SDLP leader Colum Eastwood said: "Despite claims that upon entering Number 10 [Theresa May] felt her 'most profound' responsibility was to serve the interests of the people of Northern Ireland, her actions have shown otherwise.

"We will be very clear tomorrow that the future of Northern Ireland cannot be left to majorities in England and Wales. The British Government must deliver a deal that does not undermine the terms of the Good Friday Agreement, and the only plausible way to do that is to deliver on the Backstop."

Ulster Unionist leader Robin Swann said the backstop beaches the Good Friday Agreement and urged the Prime Minister to remove it from the Withdrawal Agreement.

"I welcome the fact that even the DUP now recognise that the Belfast Agreement secures Northern Ireland’s position within the United Kingdom," he said.

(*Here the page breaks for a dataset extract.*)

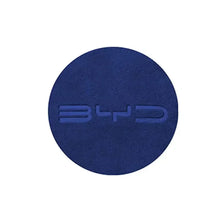 Carregar imagem no visualizador da galeria, For BYD Atto 1 3 dolphin Yuan PLus 2023 Car Steering Wheel Center Sticker Suede Leather Cover Auto Accessories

"Anyone who understands the Belfast Agreement knows full well that the backstop is incompatible with it and the Government needs to make this point loud and clear. Once that basic fact is recognised and accepted by Dublin and Brussels, then perhaps we can make real progress. 

"The Withdrawal Agreement and the Backstop must be amended to respect the Belfast Agreement and to both recognise and defend the economic and constitutional integrity of the United Kingdom.”

DUP MP Emma Little-Pengelly said Theresa May must press the EU for the necessary legally binding changes to the Withdrawal Agreement.

"Northern Ireland cannot be left as a rule taker, running to Dublin to seek changes to the rules governing our core industries," she added.

"Whilst there have been positive voices from Brussels about the need to seek creative solutions, such commentary will now be tested. There needs to be a political will to reach a consensus which works for the United Kingdom and also the European Union."